TIFF on Fire: "Pyromaniac" and "Death in Sarajevo"

Nathaniel R, reporting, still at the Toronto International Film Festival where you'll notice I tend to give dual grades. This is the way to go in the mad rush of festival going. As nourishing as festivals can be from a cinephile, they aren't actually the best climate in which to generate definitive feelings because when you're done with one piece of art you have to rush on to the next one. Here are two films I saw this week that were quite combustible.

Dag lights up a small Norwegian town... unfortunately it's with matches.

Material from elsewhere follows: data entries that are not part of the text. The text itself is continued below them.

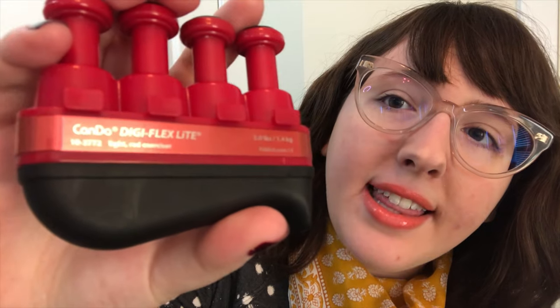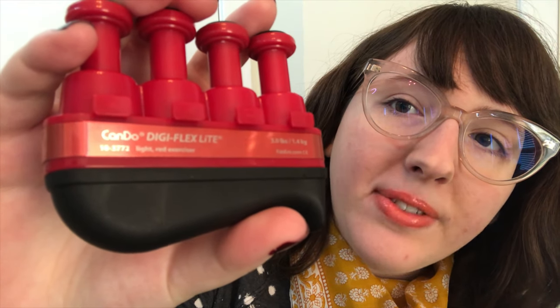They're called Digiflex if you can see them. Another great exercise for your hands and fingers: if you have a rubber band or a hair tie like this, all you do is put your fingers through it and then stretch your fingers outward. So if you just have a rubber band lying around the house, grab it and you can strengthen your fingers. That's really easy to do.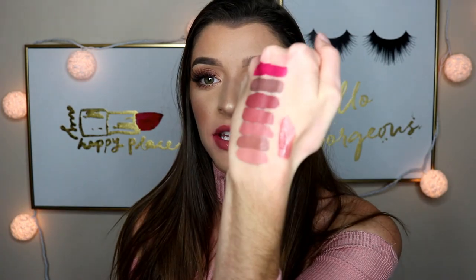And this is the Glossy Lip in Aquarius. It's definitely a nude-toned glossy — that's what it looks like. I hope you guys enjoyed this video. Don't forget to subscribe before you leave, and I will catch you guys in my next one. Bye guys!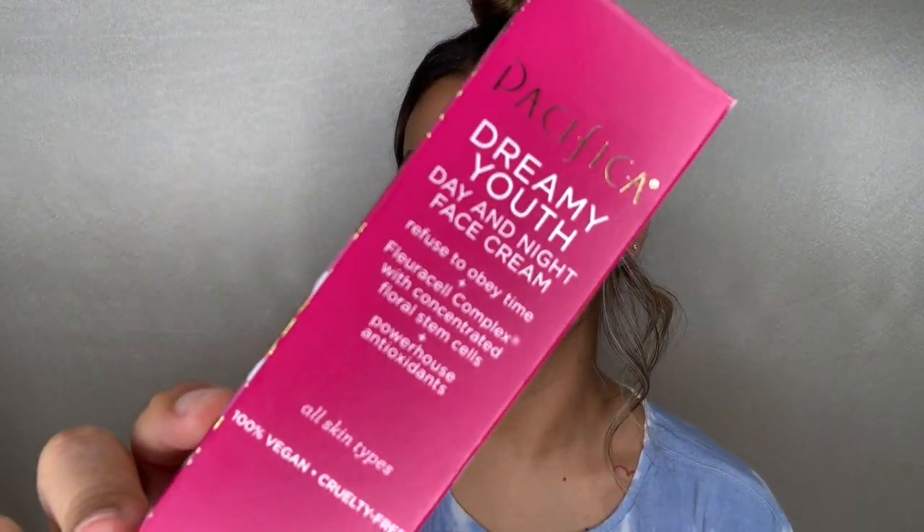Next we're going to moisturize. I found a moisturizer in this line called the Dreamy Youth Day and Night Face Cream. It claims to minimize the appearance of fine lines, deeply moisturize, promote a lifting effect, and improve radiance — all things I want! I'm going to use about two pumps, rub it together — it feels super lightweight already. It doesn't have an intense smell, kind of like the oil — just clean and lightweight.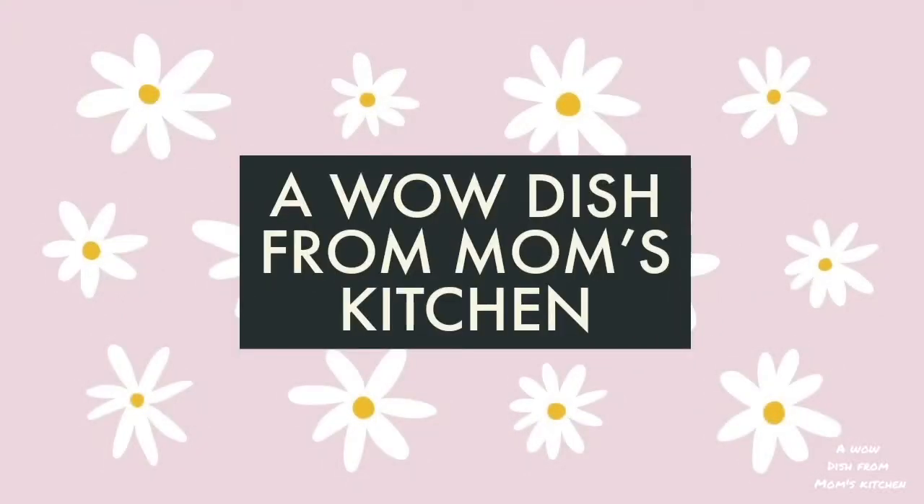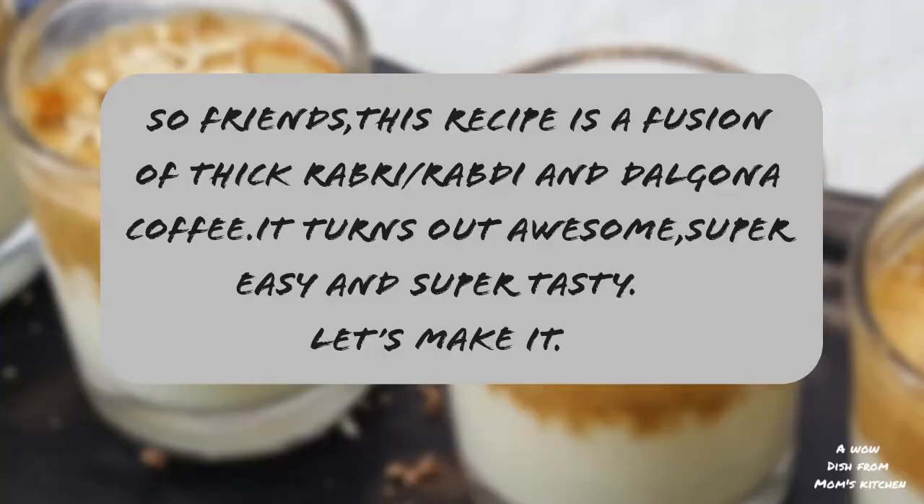Hello friends, welcome back to our channel, a wow dish from mom's kitchen. This recipe is a fusion of thick Rabdi and Dalgona coffee. It turns out awesome, super easy and yummy. So let's make it.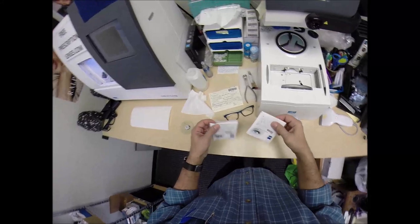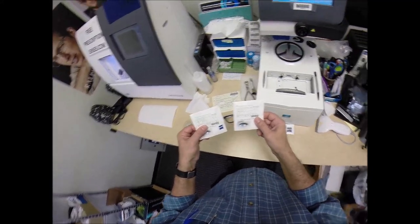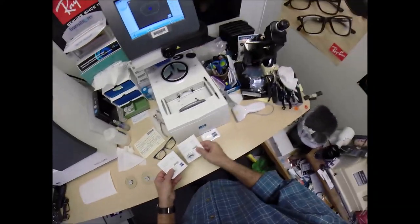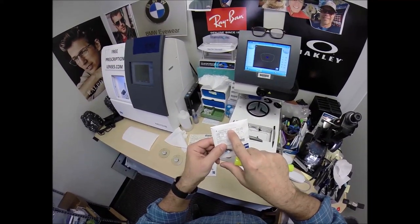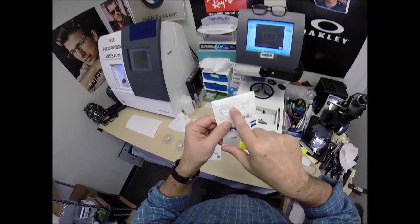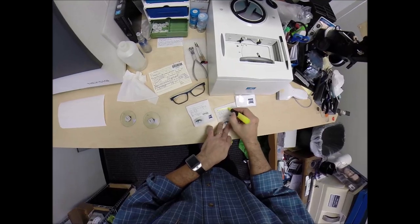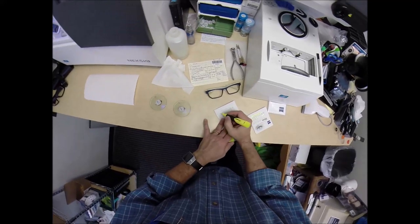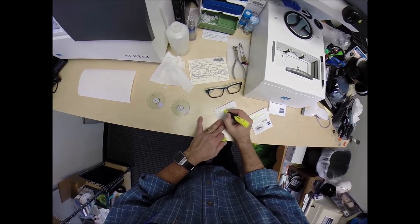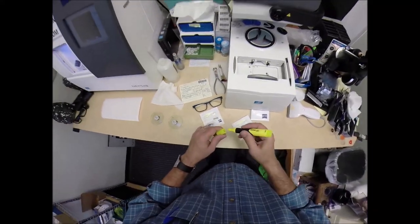Normally we get an 8x11 piece of paper from Zeiss telling you exactly what you're receiving, but they haven't provided that this time. At least the lens packets tell us: this is the Zeiss Progressive Light D 1.59, which is the refractive index of polycarbonate, Photofusion Blue. The DP stands for Duravision Platinum. Right eye power: minus 1.50, minus 2.50 at axis 97 with a 2 add. Left eye: Duravision Platinum, minus 1.25, minus 2.75 at axis 84 with a 2 add.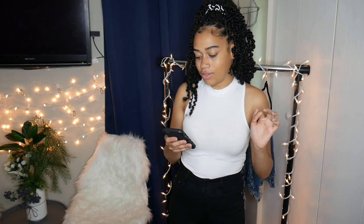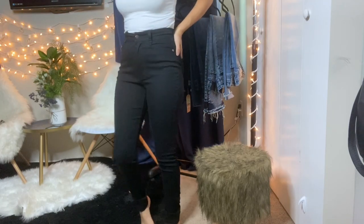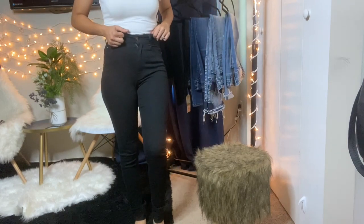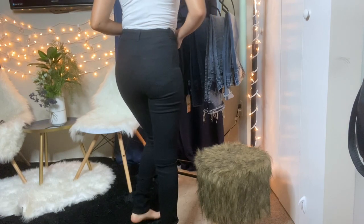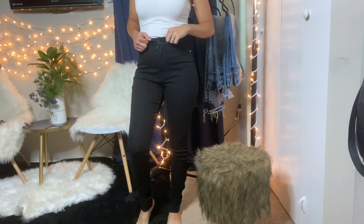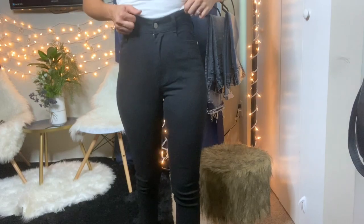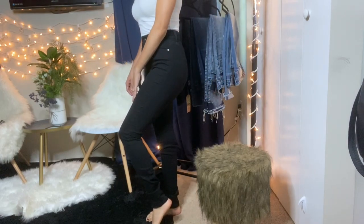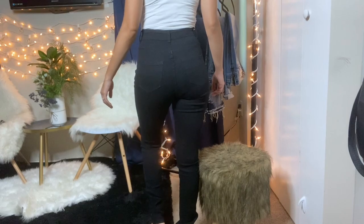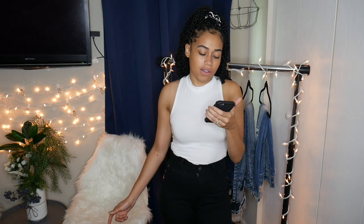The first pair I have on is the Coralline High Rise Jeans. I got these in a size 3. These jeans fit very, very nicely — they have a good amount of stretch in them. They're like your very basic black jeans and they hug your curves nicely. They're super high-waisted which I like. They normally retail for $24.99 and I got them on sale for $18.74.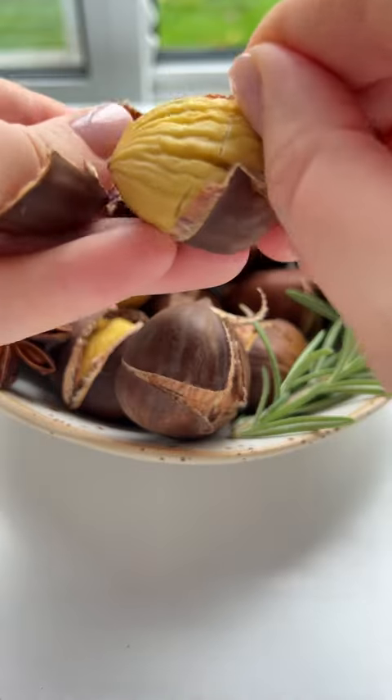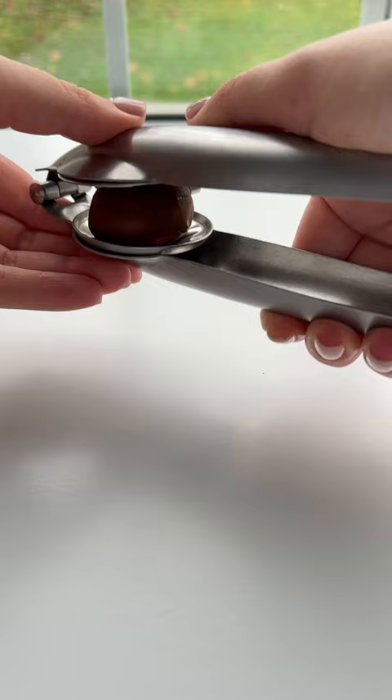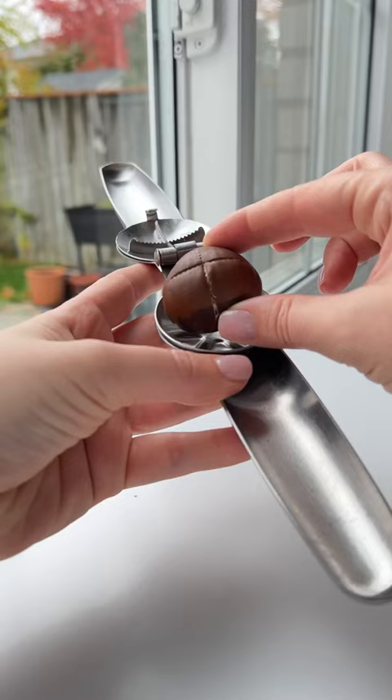I bet you didn't know this is how to roast the perfect chestnut every single time. Let's go! You need this chestnut cutter in your life. Cut each chestnut and place them on a baking sheet nice and flat.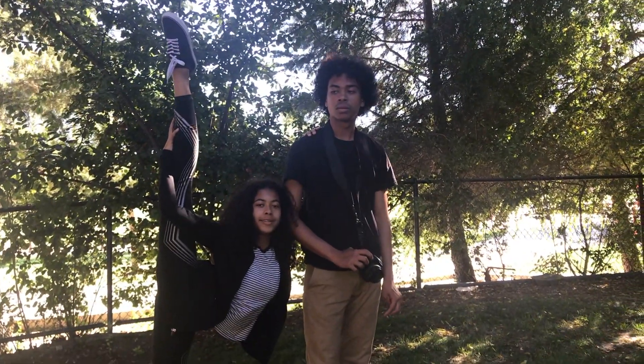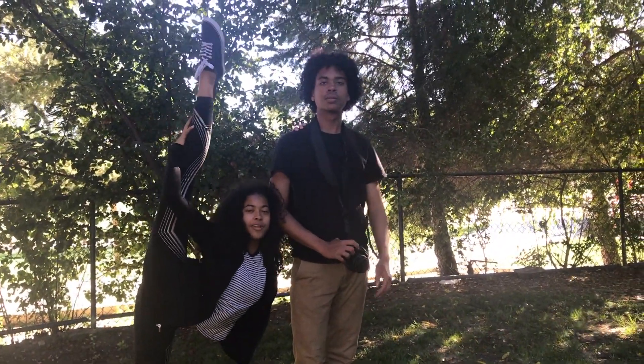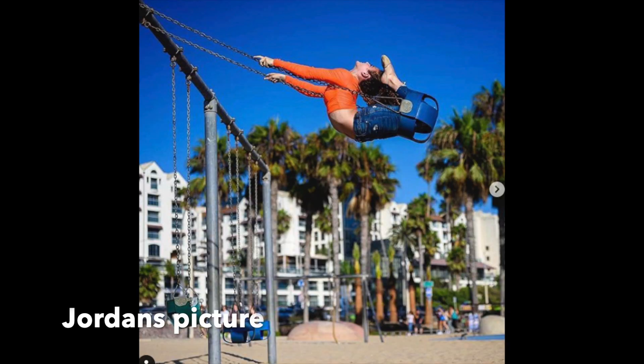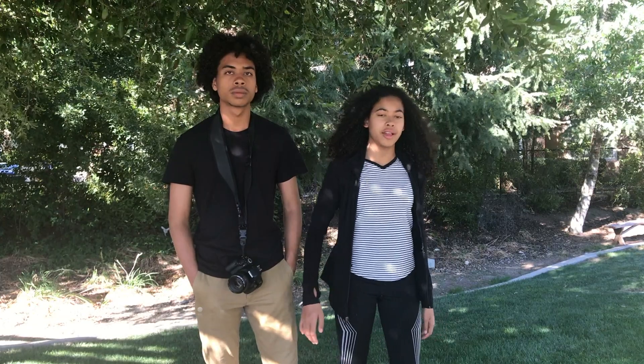Hello everyone, I'm Shemaria. I'm Eli. We're going to recreate Jordan Matter photos. The first photo we're recreating is on a swing doing a contortion photo. Let's go!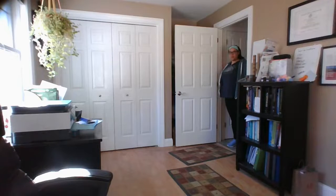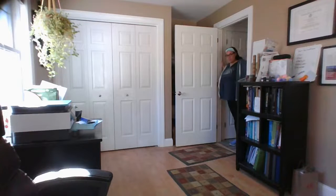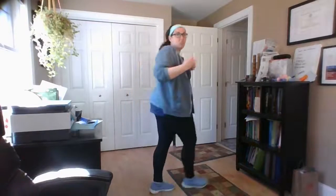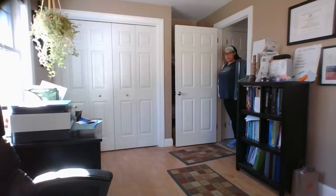Hands on either side of the doorway, you're going to lean in. You can step in if you want — I like that one personally. Use a sturdy doorway please, nothing crazy. This is for your pecs. As you lean in, move your arms up and down and find the spot that stretches what you need most. For me right here is where I feel it most. Step in and get a bigger stretch — 30 seconds.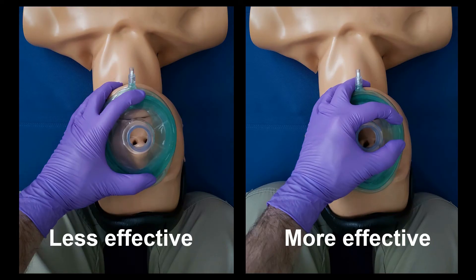Many images and videos of the EC clamp depict the C at the lower end of one edge of the mask, as depicted on the left. This does make a beautiful C, but it would be more effective to move your C higher up on the mask, as pictured on the right. This allows you to put more uniform pressure over the mask, and for rescuers with smaller hands, allowing the thumb to be higher on the mask allows for a better reach for the E portion of the EC clamp.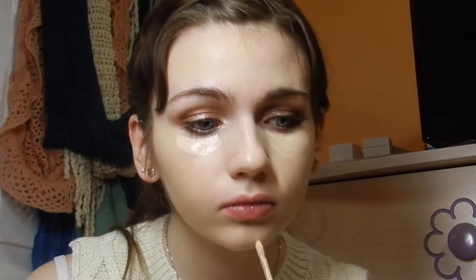And when that's done, I use the Born This Way concealer in the shade Fair, and I apply that to under my eyes and any other problem areas I have — which today was on my chin and a little bit on my forehead. And to blend that out, I just use a small beauty blender.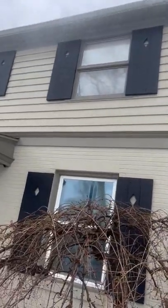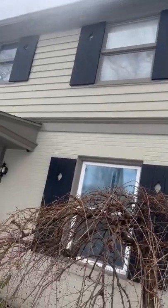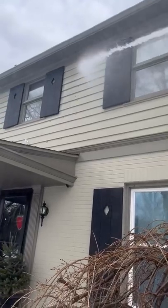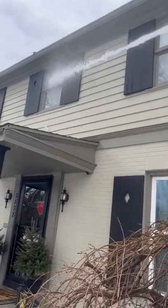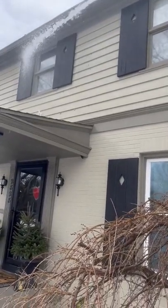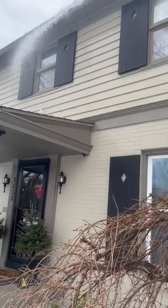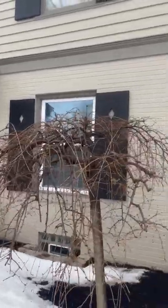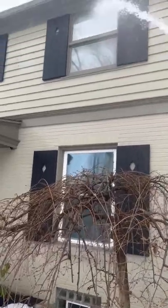Easily getting up to that second level, well over the gutters. Nice flow out of it.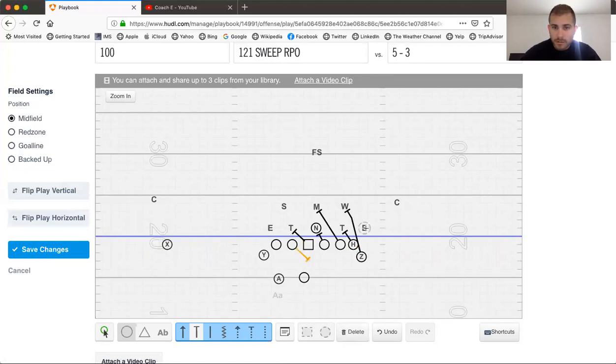We'd also block down on this 2-tech with the center. The backside guard would kick, and again we'd have that area block with the tackle. Same concept — we'll run our Y on the flat and stalk out here with the X.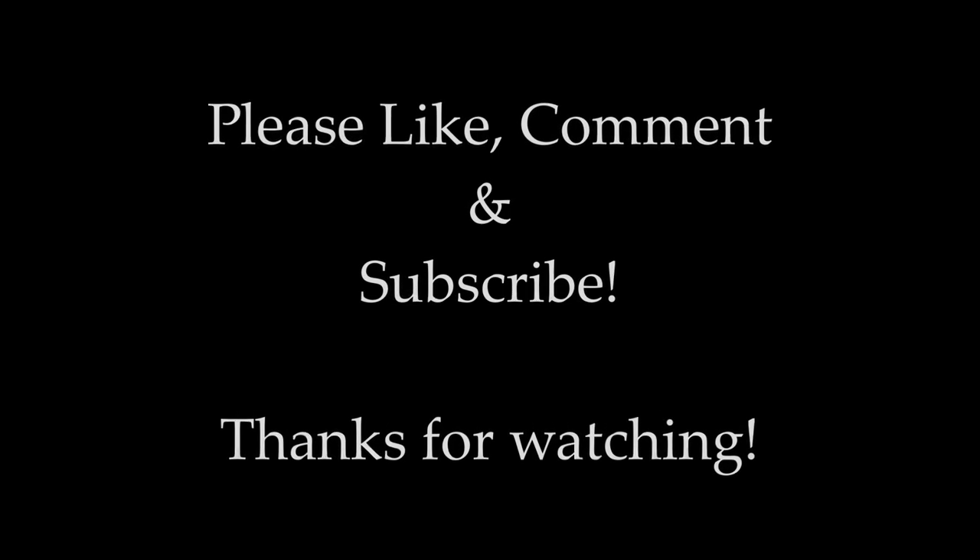I hope you liked watching this video and enjoyed my adaptation of Emma Watson's Oscars red lips makeup look. Thank you so much for watching and I'll see you soon!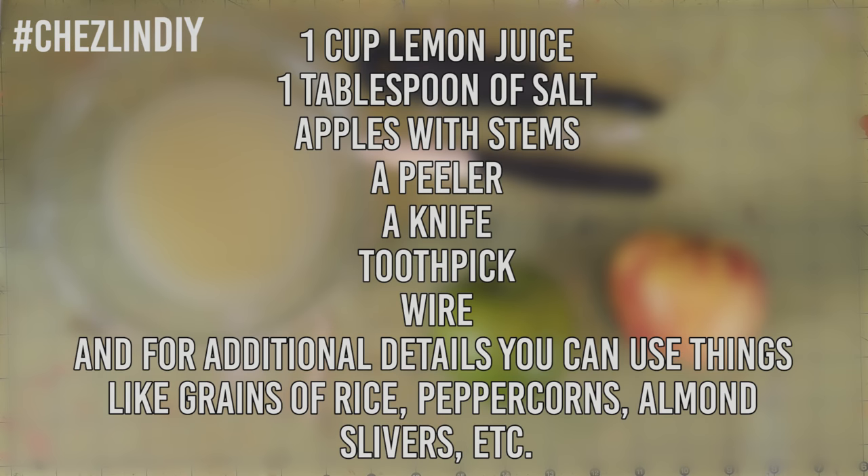You'll need one cup of lemon juice, one tablespoon of salt, and apples with stems. I've heard that Granny Smith apples work the best, but I used Granny Smith and Honeycrisp apples in this tutorial and I didn't really see a difference. You'll also need a peeler, a knife, a toothpick, wire, and for additional details you can use things like grains of rice, peppercorns, almond slivers, etc.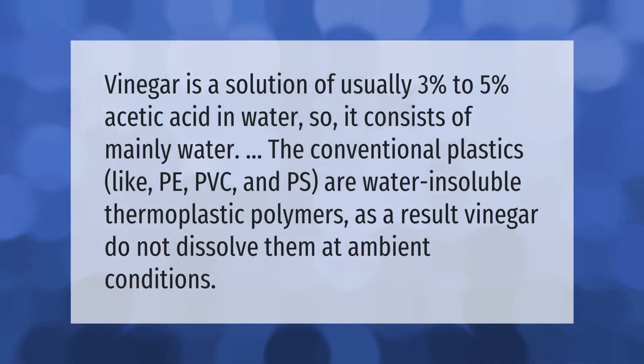Vinegar is a solution of usually three percent to five percent acetic acid in water, so it consists of mainly water. The conventional plastics like PE, PVC, and PS are water-insoluble thermoplastic polymers. As a result, vinegar does not dissolve them at ambient conditions.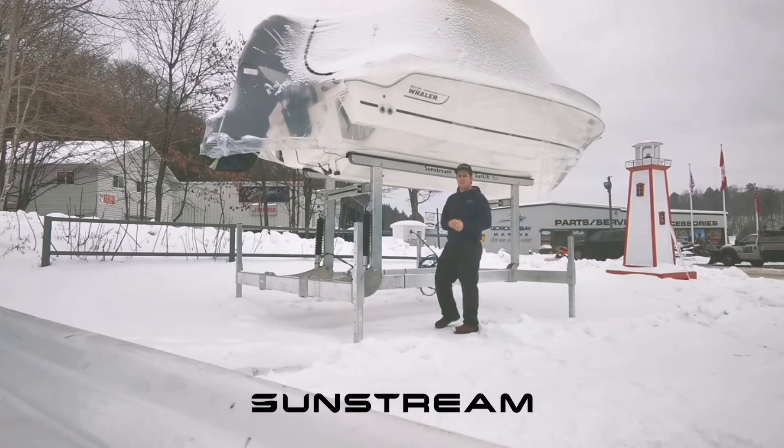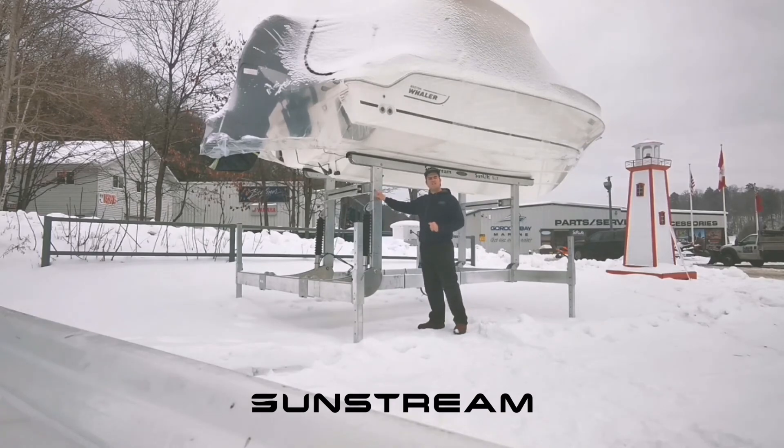The third feature I'd like to highlight is the fully adjustable H-frame. It allows us to adjust the H-frame on the fly so that your boat fits perfect every single time. And those are the three features I'd like to talk to you about today.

Pyromaniac (Dir. Erik Skjoldbjaerg, Norway)
One of Norway's best known directors (Pioneer, Insomnia) is back with another unsettling thriller. The peculiar dichotomy of a fireman who also sets fires is the focus. Create your own dream job, they do always say. Dag (Trond Nillsen, King of Devil's Island) is the son of the local firechief and when he returns to his hometown after military service a small town is suddenly plagued by arson, first in the woods but slowly closing in on actual residences. As fires go this thriller doesn't build to an inferno, as a more traditional movie might, so much as it threatens to consistent. Like someone waiting with gasoline by a small fire. The result is a discomforting slow burn, elevated considerably by artful intuitive detours with female characters. These don't serve the plot so much as bring humanity up face-to-face with inexplicable evil; some see it for what it is (one scene with a piercing scream and a lit match is absolutely terrifying), others flippantly dismiss it. Dag's own mother (a great Liv Bernhort Osa) is handed the painful evasive denouement. [Trivia Note: Strangely Norway has yet to submit Skjoldbjaerg for the Oscar race in Best Foreign Language Film though he's been a finalist before and was again this year. They didn't even submit him for his international breakthrough Insomnia (1997) famously remade by Christopher Nolan a few years later.] B/B+

a talk show host and her volatile guest come to fascinating verbal blows

Death in Sarajevo (Dir. Danis Tanovic, Bosnia & Herzegovina)
Bosnia & Herzegovina's Oscar Submission
Danis Tanovic came to fame with the anti-war drama No Man's Land (2001) which took the Oscar for Best Foreign Language Film in its day. Fifteen years later Tanovic is still committed to deeply felt statement films and still righteously angry about senseless wars. The entire film takes place within a cash-poor luxury hotel in Sarajevo that will soon host a meeting of European dignitaries. Everyone is on edge, nobody is getting paid, the workers are ready to strike, and guests are arriving. Though the film beguns with the taping of a talk show on the violent cycles in South Slavic history, fears that this might be little more than educational history lesson were quickly assuaged by strong storytelling and multiple interesting characters like the hotel's laundress, a lovelorn cook, an ambitious female manager, and the cerebral but fierce talk show host and a guest she berates as a "thug" who fits this description but is multi-faceted, too. In one witty but distressing bit another guest of the talk show praises the affect of all the civil wars on the Bosnian people  'it protects us from uniformity of thought.' Uniformity of thought is not a problem with these characters. We know that all the separate stories with their personal dramas and opposing agendas we'll eventually collide (that's what happens in this subgenre of drama) but it's still fascinating to watch them braid together and Tanovic does this artfully. Some of the political content still went over my American head -- especially the story of a man rehearsing a political speech (the film is based on a one man show "Hotel Europe" and this section seemed to be the most direct lift). But as with all fine political dramas, this one understands that politics is personal and vice versa. B/B+ 

more TIFF reviews

Tuesday
Sep132016

TIFF: Isabelle Huppert is "Elle"

Nathaniel R reporting from the Toronto International Film Festival (Sept 8th-18th)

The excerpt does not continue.